There are various illnesses associated with high altitude exposure. Moving above the 1500m (4950ft) mark and higher can lead to medical issue onset. At these levels, oxygenation of the blood changes and requires acclimatization so that depending upon the rate of speed one moves upwards, predicts the changes in oxygenation and the onset of illness symptoms. Too great a speed may prevent acclimatization and further ascension is impossible without risk to life.

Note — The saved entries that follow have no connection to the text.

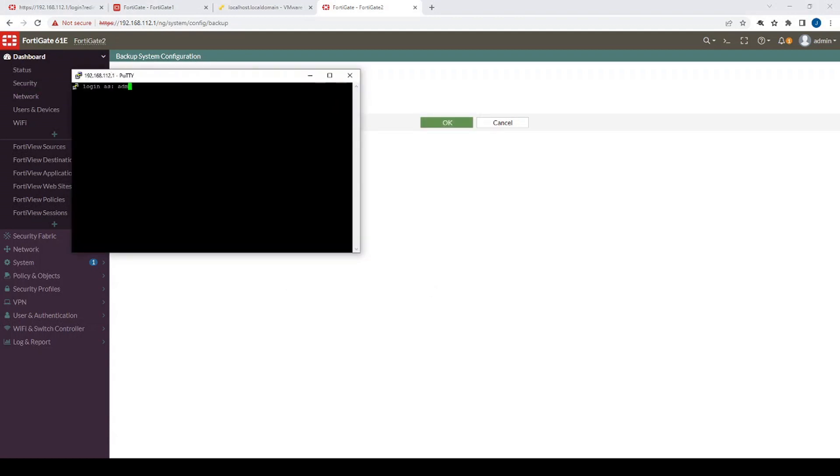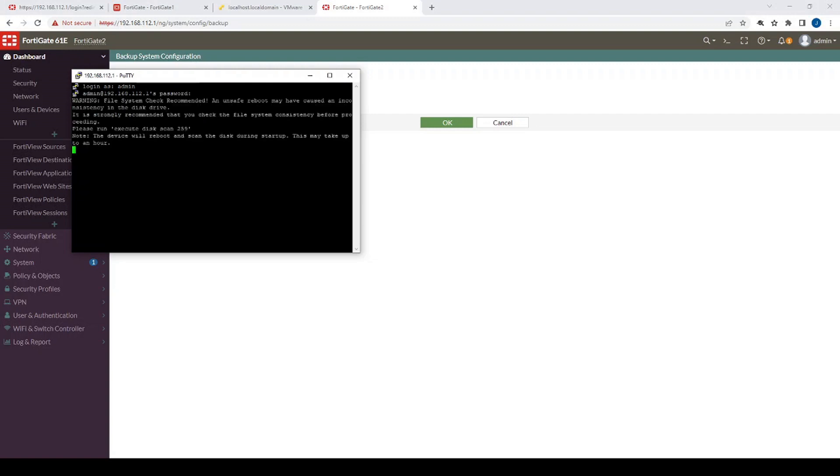And just while we log in here, quick disclaimer, this will completely wipe your FortiGate settings to factory defaults. So you would just type in execute factory reset and then hit yes.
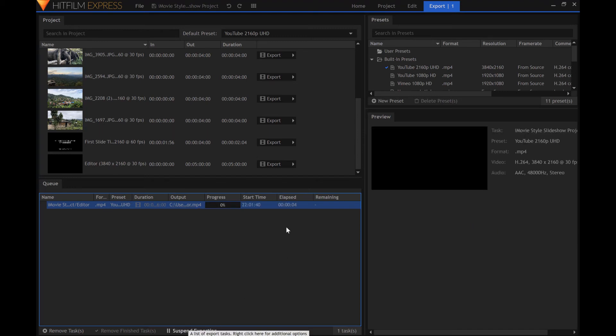You can see the progress and time to completion here. You can also see where the export is at in the preview panel. Thank you for watching this video. I hope it helps.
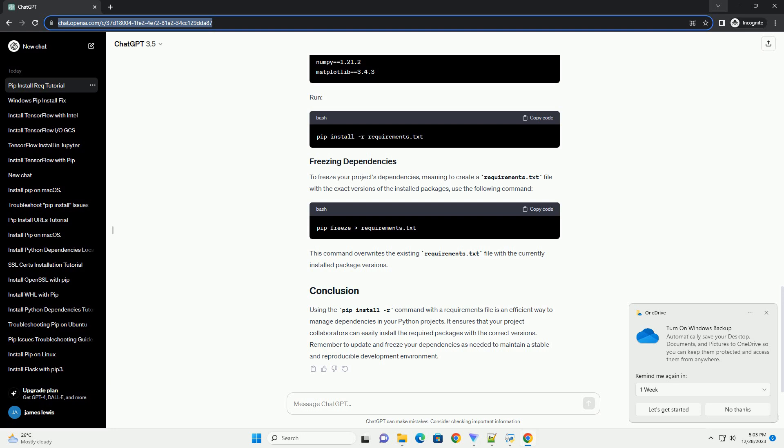Using the pip install -r command with the requirements file is an efficient way to manage dependencies in your Python projects. It ensures that your project collaborators can easily install the required packages with the correct versions. Remember to update and freeze your dependencies as needed to maintain a stable and reproducible development environment.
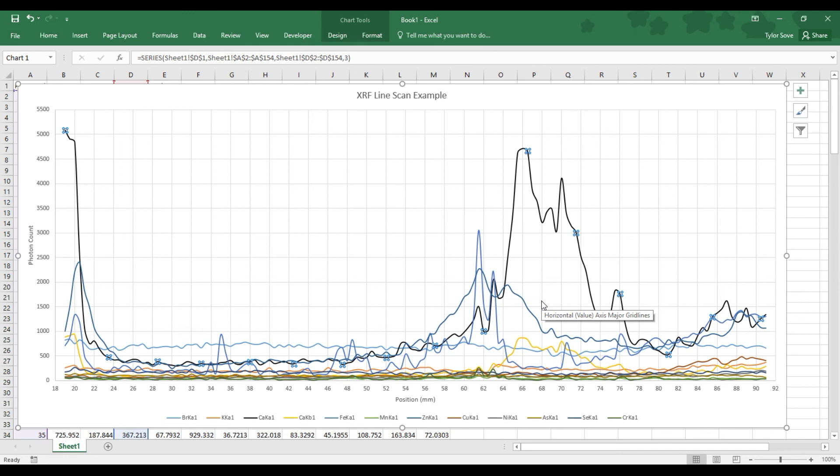So that's how you identify different features on an XRF line scan.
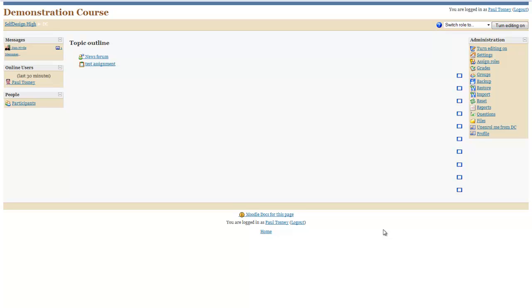What we're going to do here is go through how the Grade Me block works. We're going to start off by adding it to this course, and then we'll quickly go through how to use it.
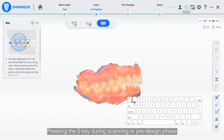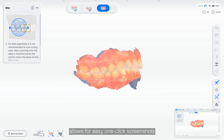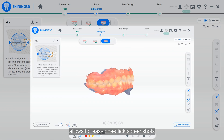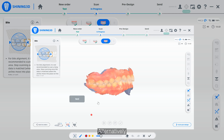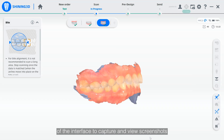Pressing the S key during the scanning or pre-design phase allows for easy one-click screenshots. Clicking on the generated screenshot allows you to annotate the image. Alternatively, you can click on the screenshot icon in the top right corner of the interface to capture and view screenshots.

Altitude Illnesses include:

Altitude illness: Altitude sickness, also known as acute mountain sickness (AMS), altitude illness, hypobaropathy, or soroche, is a pathological effect of high altitude on humans, caused by acute exposure to low partial pressure of oxygen at high altitude. It commonly occurs above 2,400 metres (8,000 feet).

Extreme Hypoxia: Hypoxia is a pathological condition in which the body as a whole (generalized hypoxia) or a region of the body (tissue hypoxia) is deprived of adequate oxygen supply.

Hypoxemia: An abnormal deficiency in the concentration of oxygen in the blood.

Hypocapnia: Hypocapnia or hypocapnea also known as hypocarbia, sometimes incorrectly called acapnia, is a state of reduced carbon dioxide in the blood. Hypocapnia usually results from deep or rapid breathing, known as hyperventilation.

When climbing it is important to recognize the onset of symptoms that indicate something is wrong. Typical symptoms include: fatigue, dizziness, nausea, atypical sleep patterns, headaches

Other symptoms appear in more severe instances.